We arrived in Ireland and picked up the hire car – we made sure to get a GPS, which paid off later when navigating to our B&B as several streets in the city were closed due to events on the long weekend. So after recalculating our route several times we finally made it to our accommodation and checked in. After a quick sluice off, we emerged to explore Dublin and find something to eat!
St Stephen’s Green is a public garden not too far down the road from our B&B, which we have to walk through to get to the town centre. It’s a very pretty open area filled with flowers, lakes and birds. Tanya especially liked a pair of swans and their cygnets. We had a stroll through the main shopping district and past the parliament and old stock exchange buildings and eventually settled on a place for dinner. To get in the Irish mood I had an Irish beef stew with a local red ale from Porterhouse brewery (both were excellent), while Tanya had seared salmon with a pilsner.
The next morning we went for a jaunt into the country side, to visit Kildare county where there are some sites of historical interest to my family, the Wogan-Brownes. Thanks to my Uncle John, who has been researching the family history and made the trip out a couple of times before we had some guides for the trip. Local historian Seamus and also localÂ councillor Padraig were kind enough to meet up with us and show us around.
It turns out the Wogans (and later, the Wogan-Brownes) were quite notorious; being one of the largest landholders in the region from the 14th century through to the early 19th century. My grip on the history is somewhat flimsy, so don’t trust the names and dates I put here to be entirely accurate.
Our story starts in Rathcoffey, which was granted to Sir John Wogan (or perhaps his son) by Edward II. Sir John had been sent to Ireland by Edward I (known as Longshanks) to sort out the feuding locals and raise an army to assist in his war against the Scots, and was made Justiciar of Ireland. The Wogans lived in Rathcoffey for some time, once or twice losing it for a period due to their involvement with rebellions (often due to their Catholic faith). Eventually it was sold and a new mansion was built on the site; all that remains of the original castle is the ruins of the main gatehouse. The land around the ruins belongs to a local farmer and there were a number of “Trespassers will be prosecuted signs” around, so initially we just took photographs from a distance. We snuck back later to get a closer look though 🙂
The Brownes enter the tale a while later, having purchased a nearby estate which had reverted back to crown ownership (and renamed it Castlebrown). When Nicolas Wogan died without a male heir in the 1750s, Michael Browne married Catherine Wogan, and so began the Wogan-Brownes. We visited Castlebrown, which was rebuilt by Stephen Wogan Browne and then later extended by his son, Thomas Wogan Browne.

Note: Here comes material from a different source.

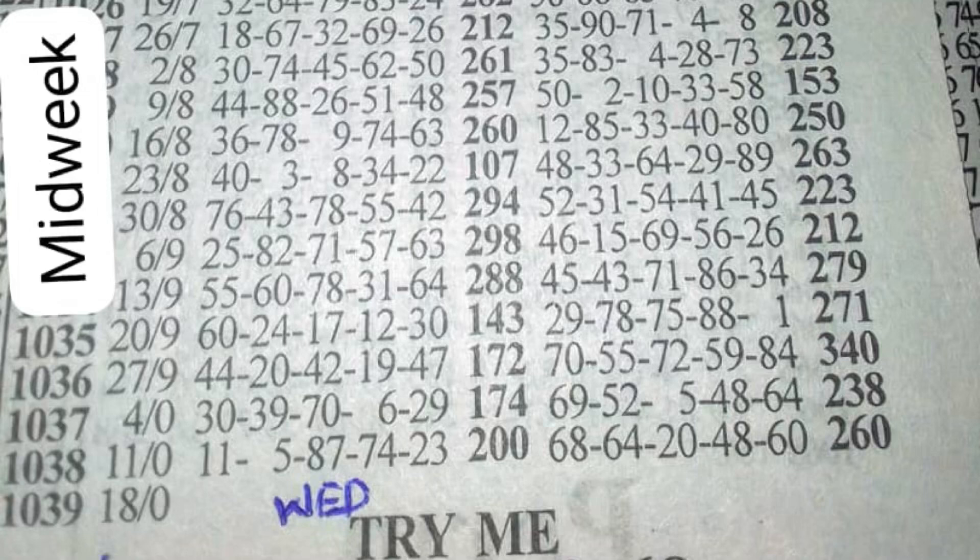Going back to the 64 and counting three weeks down lands on event 1036. The plan says the counterpart of 64 should come and play in winning. The counterpart of 64 is 19. Checking event 1036, it played 44, 20, 42, 19, and 47 — we can see the 19 dropping live, confirming the pattern.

However, following the early death of Thomas his brother Michael, who was pursuing a military career overseas, inherited. Faced with a considerable debt and the upkeep of the castle and grounds, he ended up selling the property to Jesuits who were looking for a place to found a school, which still exists to this day. Unfortunately we were not able to go inside, but we walked around the outside.
We also visited two cemeteries. The first is at the old parish church that was abandoned for some time and has been converted into the Clane community centre. There they have the sign posted at the start of this entry and the Wogan monument, which was originally in a wing of the church which has since been destroyed. Many Wogans were buried here.
We also visited the Wogan Browne Mausoleum, at the outskirts of a ruined church. Apparently the current Wogan Browne of the time wished to build it on the church grounds, or perhaps even as a new wing of the church building, but relations with the current pastor were not good. As the Wogan Brownes were Catholic and the church Anglican, the pastor insisted on a fee of five guineas. This was seen as an insult, as the Wogan Browne family was responsible for much of the upkeep of the church. So X Wogan Browne instead built on his own land, on the border and directly in line of sight of the front door of the church. He also had the following notice placed on it. Some number of Brownes and Wogan Brownes are buried here. We were able to go inside, where there is a carved relief of Stephen Browne and Judith Wogan, as well as the Wogan Browne family crest.
It was a strange feeling seeing places where your family has been for hundreds of years. I am glad we went out there and it has piqued my interest in learning more of my family’s history. Tanya has almost admitted that Wogan-Browne might not be such a ridiculous name after all too.
that’s pretty cool
Do you know anything about an Eliza Browne, sister of Judith Wogan Browne, whom I think died in 1783. Never married I believe.
I am descended from the Wogan-Browne through my grandmother, Claire Renee Lillis (nee Wogan-Browne), and would be grateful for any knowledge that you have of the family, from whom you are descended etc.
Hi Charles, I don’t know about the Wogan-Brownes I’m afraid, but Judith was married to my great-uncle Edward Hain (killed at Gallipoli in 1915). So she was my great-aunt, as she was for you. I just came across this thread while researching more about her.